По поводу данного вопроса не могу не посетовать на большинство наших славистов. Немцы отлично разработали начало Немецкой истории. Но, скажите, где начало славянской? Мы, пожалуй, готовы разыскивать славянские колонии в Италии, Испании, Азии и Африке; но постоянно упускали из виду главное - массу славян Понтийских и отчасти Дунайских, откуда и пошла Славянская история. Славянство в виде Руси и болгар бьет сильным ключом в истории Юго-Западной Европы с V по X век включительно. Болгаре потрясли Византийскую империю, наводнили ее Балканские провинции и заставили сказать Константина Багрянородного: "ославянилась вся страна". А Русь своим мечом объединила многие славянские племена и распространила свое владычество от Ладожского озера до Тамани и от Карпат до нижнего течения Оки. Наши же слависты выставляют эти могучие цельные славянские народы какими-то тенями, межеумками. Все это, по их мнению, сделала с одной стороны горсть каких-то скандинавских выходцев, а с другой - какая-то татарская или чудская орда, сама непонятным образом обратившаяся в славян. Ясно, что подобные "Славянские слависты", с гг. Ягичем и Макушевым во главе, не ведают основных исторических законов, действующих в развитии народов и государств. Они являются в этом случае прислужниками немецких теорий и стараются поддержать их, возлагая древнерусские имена на этимологическую дыбу и всеми неправдами вымучивая из них иноземное значение или, даже без всякой дыбы, голословно объявляя болгарские имена не то чудскими, не то татарскими, потому только, что не умеют добыть из них никакого смысла. И такие-то в высшей степени поверхностные приемы выставляются ими же за якобы высоконаучные!

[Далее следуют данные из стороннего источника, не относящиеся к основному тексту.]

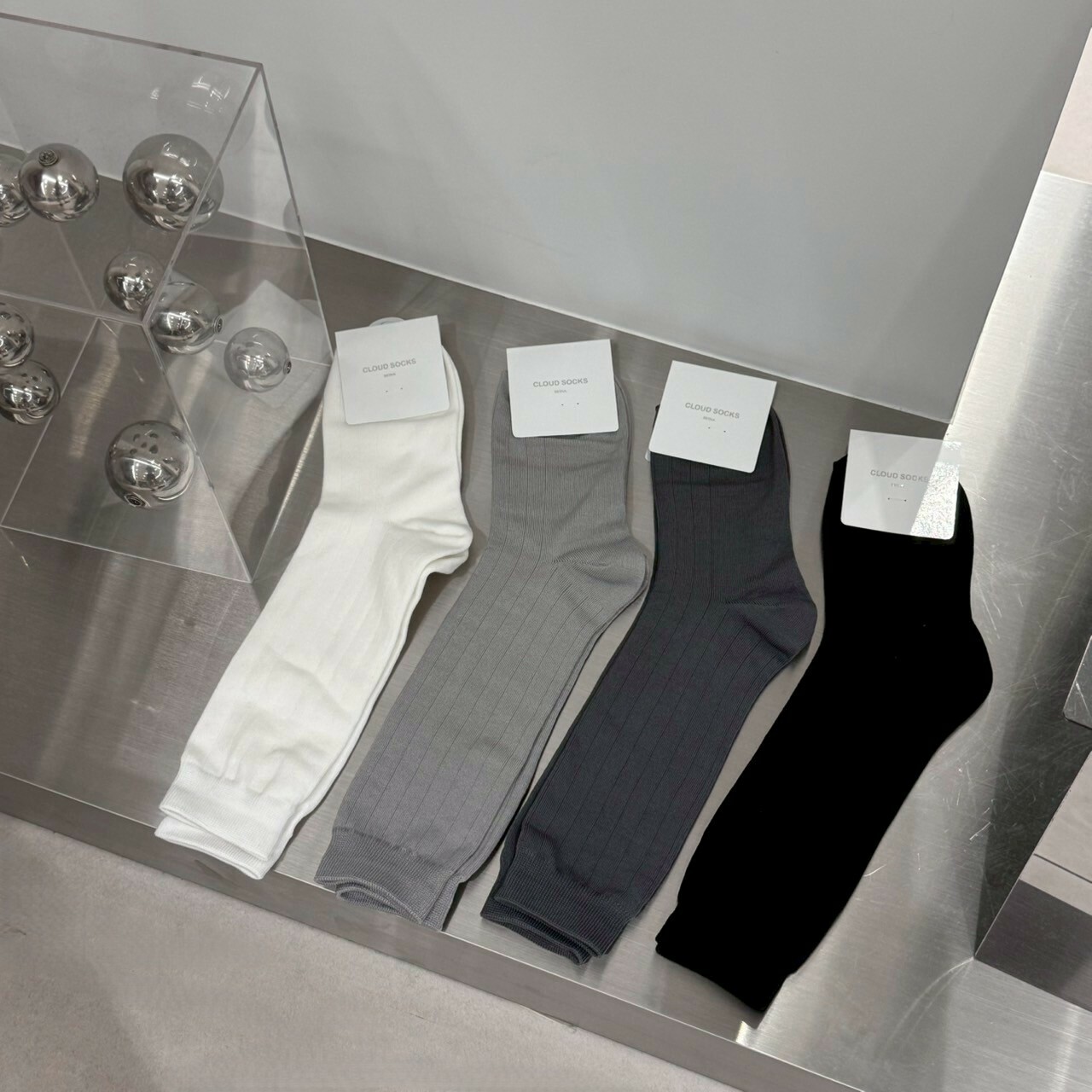 Korea 在線學生黨👩🏻‍🎓棉質坑條長襪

В заключение не лишним считаю заметить, что я веду борьбу только с норманизмом как системою, долго господствовавшею в русской историографии и имевшею за себя хотя некоторые основания. Другие, еще менее состоятельные, теории происхождения Руси оставляю в стороне. Так, например, в последнее время известен исполненный эрудиции большой труд Гедеонова, пытавшегося провести Славяно-Балтийскую теорию Руси. (См. выше.) Ту же теорию продолжает отстаивать г. Забелин. Мы считаем ее настолько безнадежною, что не желаем тратить время на ее опровержение. Что касается собственно моей системы, то ее по справедливости называют Роксоланскою. Но, в сущности, я не предлагаю никакой искусственной теории. Я только вооружился критическим анализом относительно всех тех источников и аргументов, на которых создались теории иноземного и неславянского происхождения Руси. Я только отрицаю все подобные теории, выставляя несостоятельность их источников и доказательств. А затем моя положительная сторона вытекает уже сама собою из этого отрицания. Если нет никаких серьезных доказательств считать Русь народом чуждым, пришлым в IX веке из Скандинавии и откуда бы то ни было, то ясно, что в данную эпоху (в эпоху мнимого призвания князей) это был народ туземный, и притом славянский. А если пойдем в глубь веков, то встречаем приблизительно на тех же местах народ Роксалан или Рос-Алан; следовательно, вот имя, под которым наши предки были известны у более древних писателей. Такова сущность моей системы: надеюсь, никакой сложной искусственной теории я не предлагаю. Я стараюсь только восстановить исторический факт, затемненный сначала домыслами и относительным невежеством наших старых книжников, а потом окончательно извращенный некоторыми учеными прошлого и настоящего столетия, с помощью неверных историко-филологических приемов.